Department of Northern Development

Department overview
- Formed: 19 December 1972
- Preceding Department: Department of National Development;
- Dissolved: 6 June 1975
- Superseding Department: Department of Northern Australia;
- Jurisdiction: Commonwealth of Australia
- Headquarters: Canberra
- Minister responsible: Rex Patterson, Minister;
- Department executive: Ray Livingston, Secretary;

= Department of Northern Development (Australia) =

Australian government department, 1972–1975

The Department of Northern Development was an Australian government department that existed between December 1972 and June 1975.

==History==
The Department of Northern Development was established in December 1972 charged with overall policy and co-ordination in Australia's development north of the 26th parallel. The government appointed Ray Livingston, formerly a deputy secretary at the Department of Trade and Industry, secretary of the department in the days after its formal establishment.

In June 1975, the department was replaced by the Department of Northern Australia which was an amalgamation of the Northern Development Department and the Department of the Northern Territory.

==Scope==
Information about the department's functions and government funding allocation could be found in the Administrative Arrangements Orders, the annual Portfolio Budget Statements and in the department's annual reports.

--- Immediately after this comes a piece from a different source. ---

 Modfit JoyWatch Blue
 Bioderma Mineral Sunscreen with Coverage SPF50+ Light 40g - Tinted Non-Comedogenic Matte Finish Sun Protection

At its creation, the department was responsible for the following:
- In respect of the part of Australia north of the parallel 26 degrees south latitude:
  - Matters related to the specialised development and utilisation of natural resources, being land, water and minerals
  - Matters related to the production and marketing of sugar and beef, and the production, processing and export of minerals
  - Specialised transport development projects, including beef and development roads, mining railways and mineral port facilities
- In relation to the foregoing-
  - The undertaking or support of research
  - The planning or initiation of projects
  - The co-ordination of activities in respect of projects
  - Co-operation with the States and other authorities

==Structure==
The department was a Commonwealth Public Service department, staffed by officials who were responsible to the Minister for Northern Development, Rex Patterson.